Short text fragments from websites
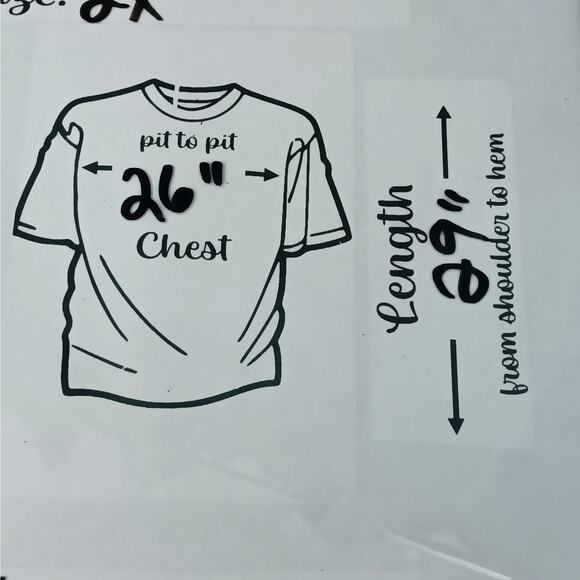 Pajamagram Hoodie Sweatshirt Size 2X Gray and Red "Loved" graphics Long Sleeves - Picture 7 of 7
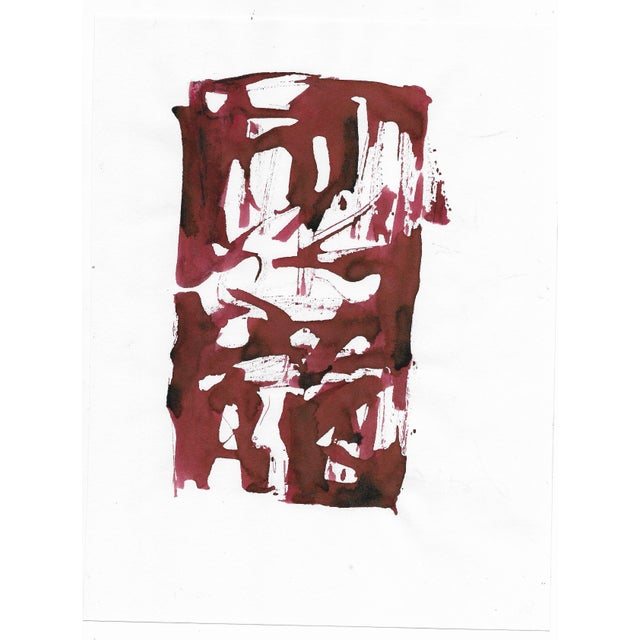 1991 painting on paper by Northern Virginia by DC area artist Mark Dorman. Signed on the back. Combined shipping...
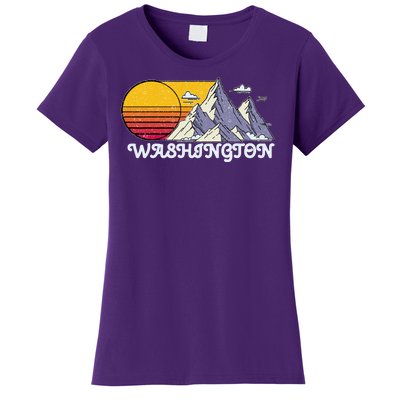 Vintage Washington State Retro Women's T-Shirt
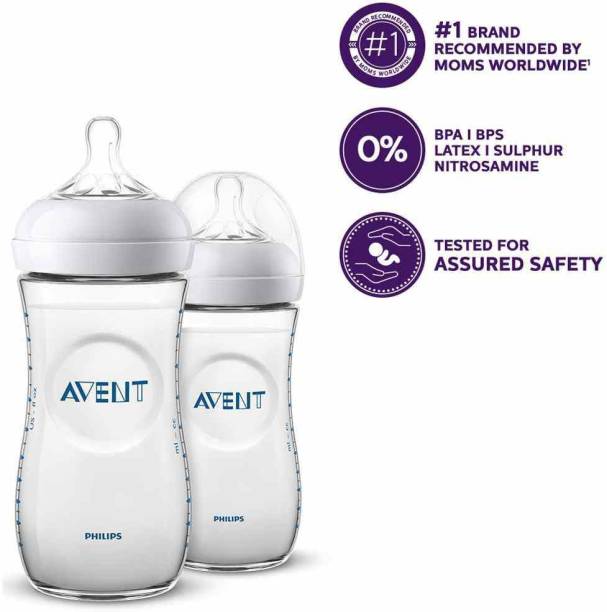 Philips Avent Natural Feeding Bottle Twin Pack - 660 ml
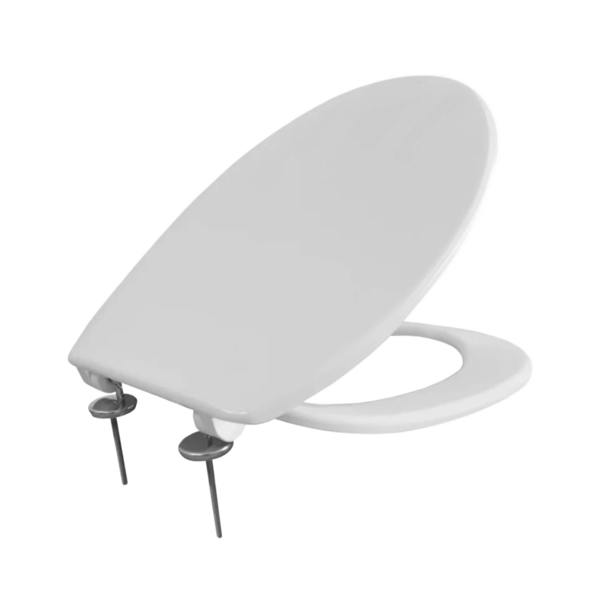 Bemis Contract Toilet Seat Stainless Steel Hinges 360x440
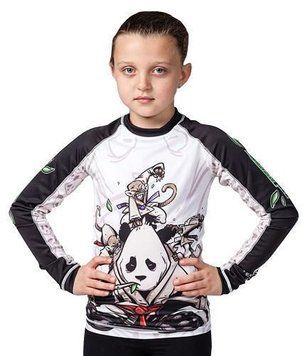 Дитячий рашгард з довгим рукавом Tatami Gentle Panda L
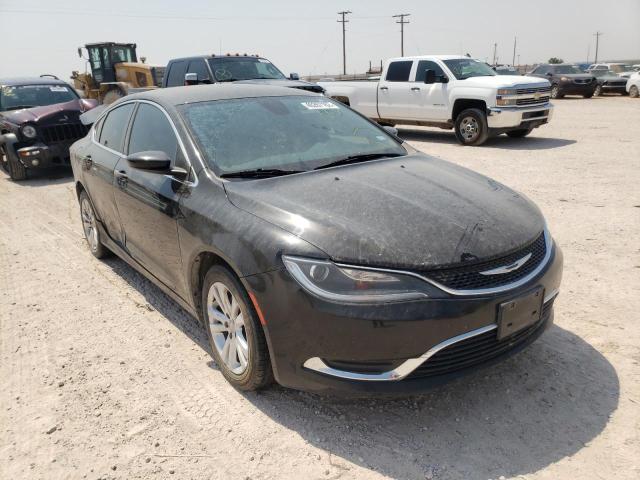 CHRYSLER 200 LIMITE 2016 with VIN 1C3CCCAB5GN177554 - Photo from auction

What needs to be done: In the records above, find the line that contains "Philips Avent Natural". Retype it and every line after it, exactly, leaving out all pictures.

Result of this task:
 Philips Avent Natural Feeding Bottle Twin Pack - 660 ml
 Bemis Contract Toilet Seat Stainless Steel Hinges 360x440
 Дитячий рашгард з довгим рукавом Tatami Gentle Panda L
 CHRYSLER 200 LIMITE 2016 with VIN 1C3CCCAB5GN177554 - Photo from auction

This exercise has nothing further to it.